(576e) Molecular Simulation of Micellar Chain Exchange Kinetics of Asymmetric B1AB2 Linear Triblock and AB1B2 branched Triblock Copolymers

Block copolymer micelles have found application in a wide variety of areas including drug delivery, viscosity modification, and polymer blend stabilization. Critical to controlling polymer self-assembly and behavior is a thorough understanding of the chain exchange processes that are essential to achieving equilibrium. While diblock chain exchange has been extensively studied, exchange of triblocks or more complicated polymer architectures has received significantly less attention.
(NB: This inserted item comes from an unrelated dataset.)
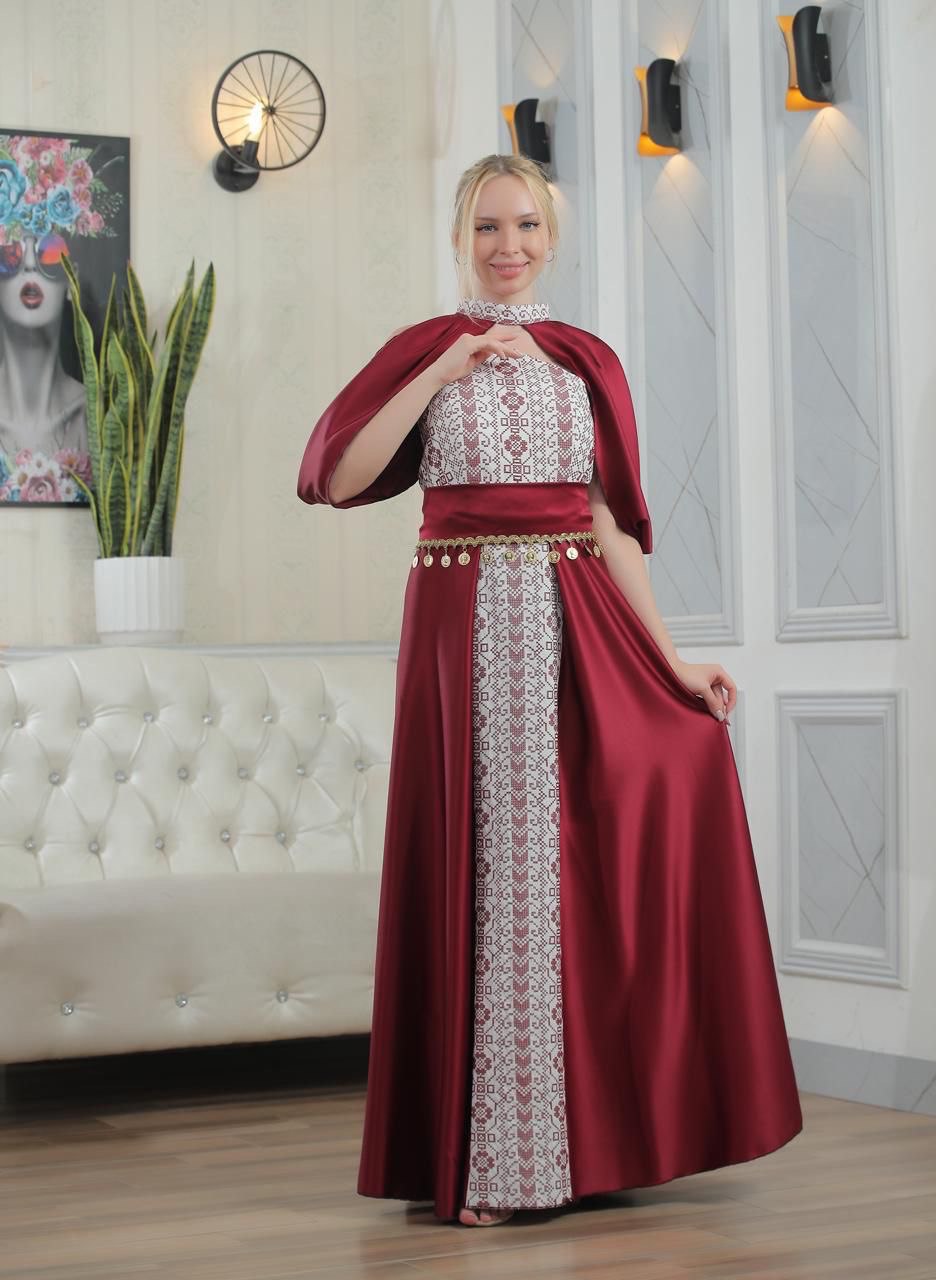 Strapless Embroidered Dress with Fabric Extension Covering Shoulder and Chest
We have studied the exchange of asymmetric B₁AB₂ and AB₁B₂ branched triblock copolymers in a B selective solvent using dissipative particle dynamics simulations. These two architectures differ only in which end of the A block the two B blocks are attached to: AB₁B₂ polymers have both B blocks attached to the same end of the A block, while B₁AB₂polymers have each B block attached to opposite ends of the A block. This allows a direct comparison of the effect of looped vs unlooped core blocks on micelle size and chain exchange rate. It is found that B₁AB₂ triblocks exchange ∼10 times faster than diblocks while AB₁B₂ triblocks exchange ∼4 times faster than diblocks. The dependence on asymmetry is weak, with very asymmetric triblocks (NB1 ≪ NB2 ) exchanging only 2 or 3 times faster than symmetric triblocks. Two main mechanisms are responsible for this behavior: : (1) increases in the density of corona beads near the micelle core for triblocks, resulting in greater stretching penalties and lower aggregation numbers, and (2) looped core blocks (B₁AB₂) spending more time near the surface of a micelle core than unlooped core blocks (AB₁B₂ and AB), resulting in a lower energy benefit of insertion. In addition, the unlooped core blocks require multiple activations for removal, while the looped core blocks as a single entity.